Head of Services and Advocacy at the Irish Cancer Society Donal Buggy said:
“When it comes to the HPV vaccine, the jury is in – the vaccine is safe and saves lives. The Irish Cancer Society has been vocal on this issue for quite some time.
“It’s only natural that parents are fearful when they hear claims about a vaccine.
"It’s terrible that young girls get sick, but to link their illness to a life-saving vaccine when all the research shows no link is dangerous and threatens lives.
“Large studies looking at 3-4 million women, vaccinated and unvaccinated, found no evidence whatsoever that HPV vaccination causes any immune or nervous system disorder.
"The World Health Organisation and the European Medicines Agency have concluded that the injection is safe and has no link to any serious illnesses.
“All the evidence does show, however, that the vaccine prevents cervical cancer.
"That’s why the decision parents make now on the vaccine can have serious consequences for their daughters.”
Orla O’Connor, Director of the National Women’s Council of Ireland (NWCI), added:
“At our most recent AGM, NWCI members voted to fully support all efforts around increasing the uptake of the HPV vaccine. We see this issue as hugely concerning for women’s health.

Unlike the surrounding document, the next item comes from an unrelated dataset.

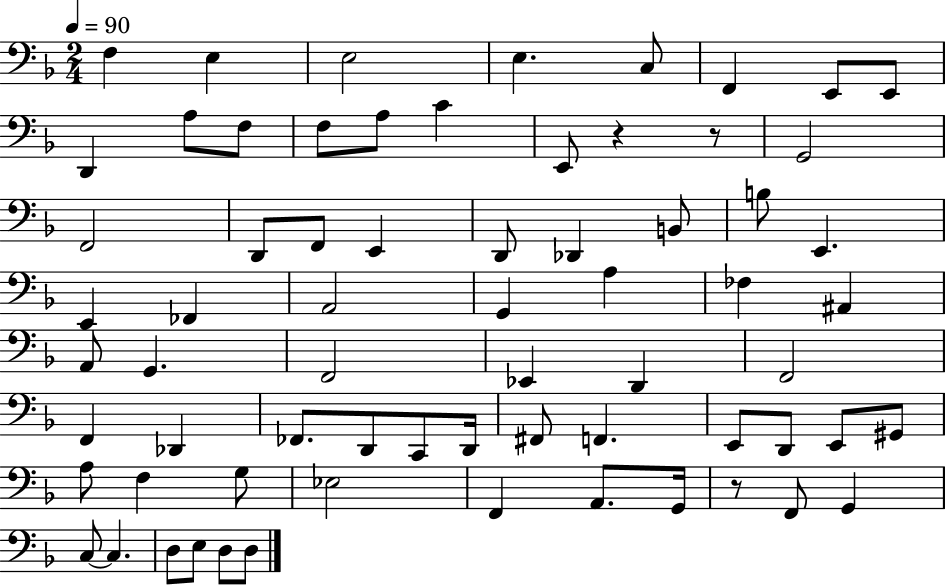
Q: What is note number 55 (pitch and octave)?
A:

“Not only does cervical cancer kill 90 women in Ireland each year, it leaves many more infertile due to the side effects of harsh and invasive medical treatment for the disease.
"These are lasting consequences which young women – and their parents – will have to live with for the rest of their lives.
“No woman should have the choice of having a biological family taken away from them because they did not receive a safe and life-saving vaccine.
"That’s why it’s important that we do all we can to ensure the public know all the facts about the HPV vaccine.”